• _Assignment_: Look below for the line with "Zara Vestido veraniego"; begin the copy there and stop after the line with "Pink Strok Thank", keeping the text exact and the pictures out.

Captioned web image data
—————

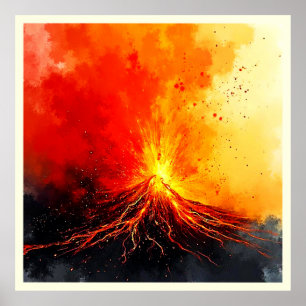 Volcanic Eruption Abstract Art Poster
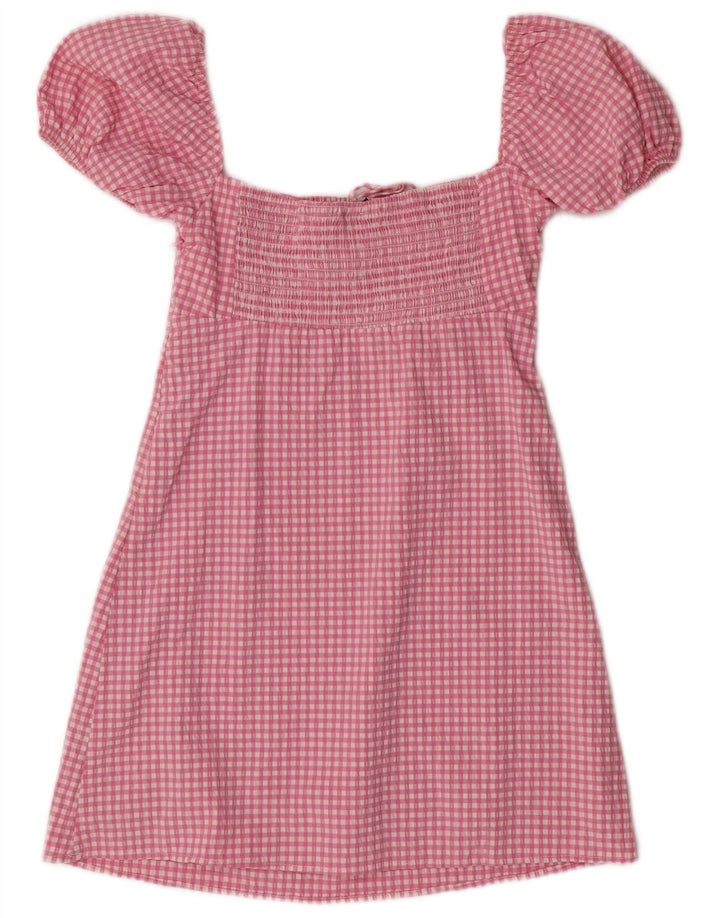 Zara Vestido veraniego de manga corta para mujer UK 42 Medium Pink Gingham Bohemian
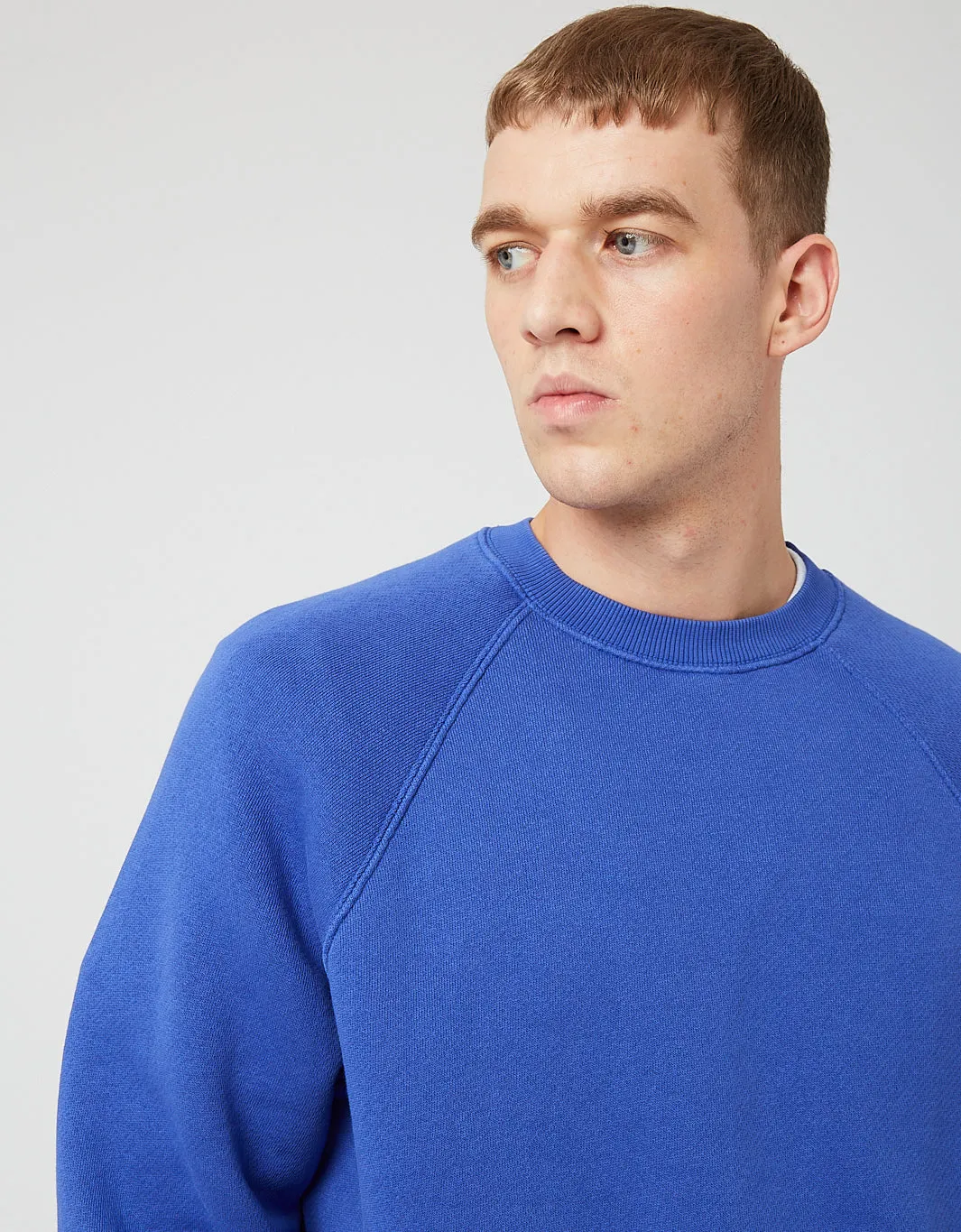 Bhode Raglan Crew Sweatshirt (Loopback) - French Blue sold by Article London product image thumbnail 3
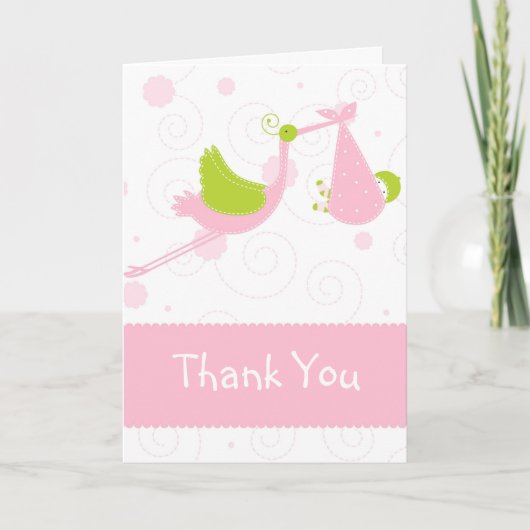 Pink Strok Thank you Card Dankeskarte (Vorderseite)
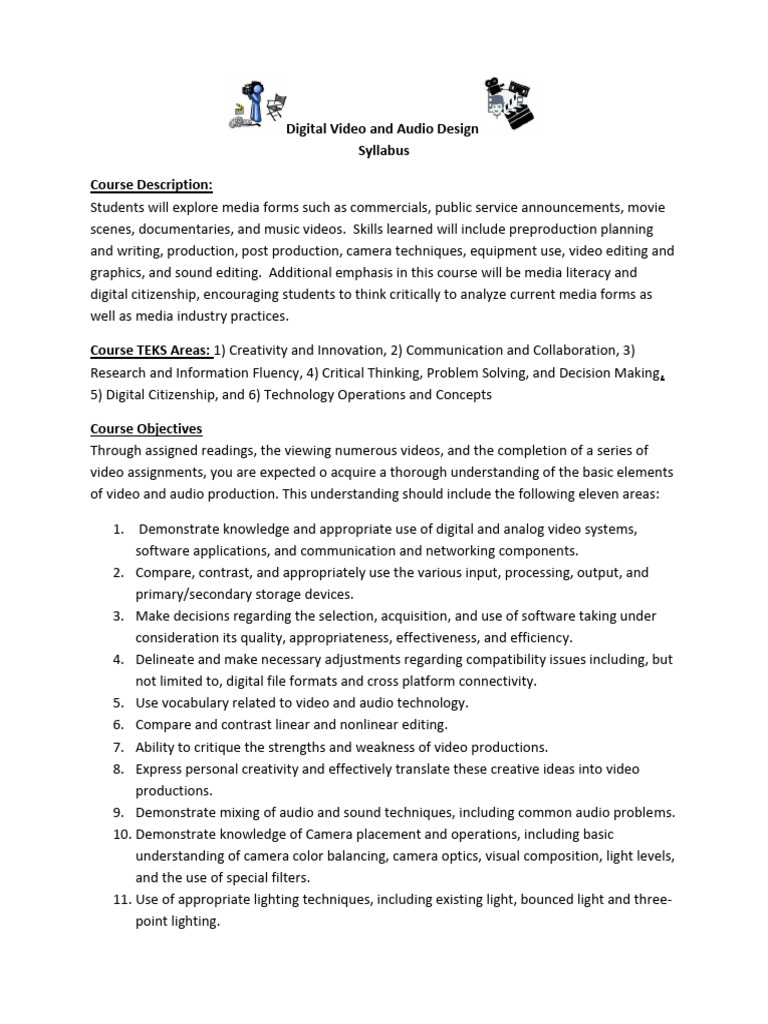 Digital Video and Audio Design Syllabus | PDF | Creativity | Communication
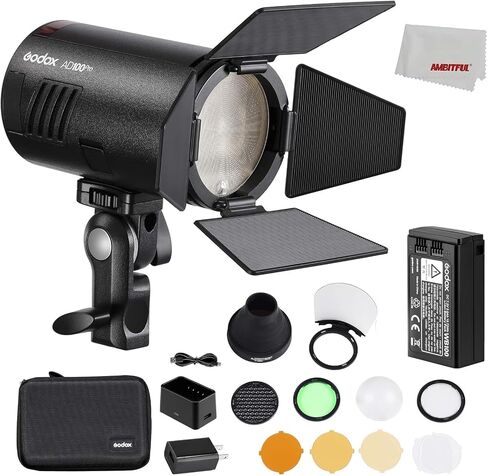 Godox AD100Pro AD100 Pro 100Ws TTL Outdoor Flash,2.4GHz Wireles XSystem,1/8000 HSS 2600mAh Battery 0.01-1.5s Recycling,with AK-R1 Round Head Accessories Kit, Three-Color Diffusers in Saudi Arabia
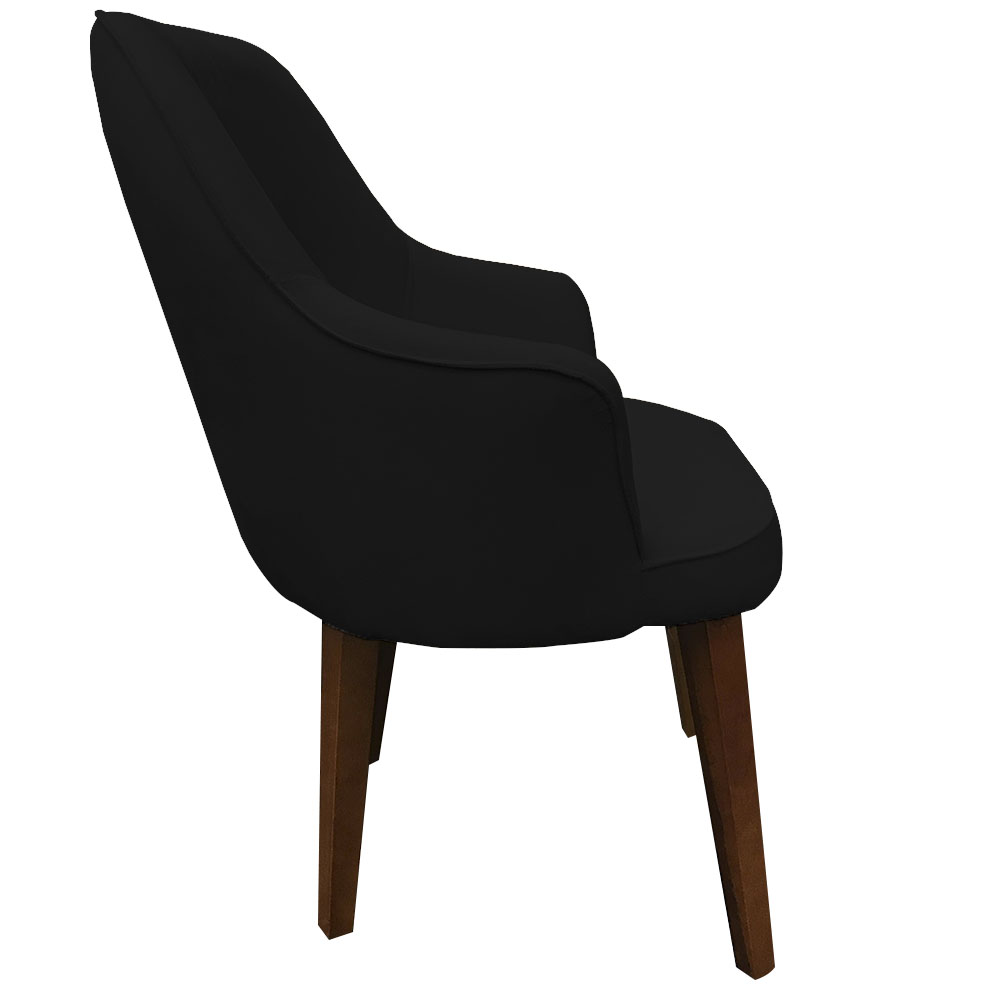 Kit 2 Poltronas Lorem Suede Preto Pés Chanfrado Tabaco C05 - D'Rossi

—————

• _Response area_:
 Zara Vestido veraniego de manga corta para mujer UK 42 Medium Pink Gingham Bohemian
 Bhode Raglan Crew Sweatshirt (Loopback) - French Blue sold by Article London product image thumbnail 3
 Pink Strok Thank you Card Dankeskarte (Vorderseite)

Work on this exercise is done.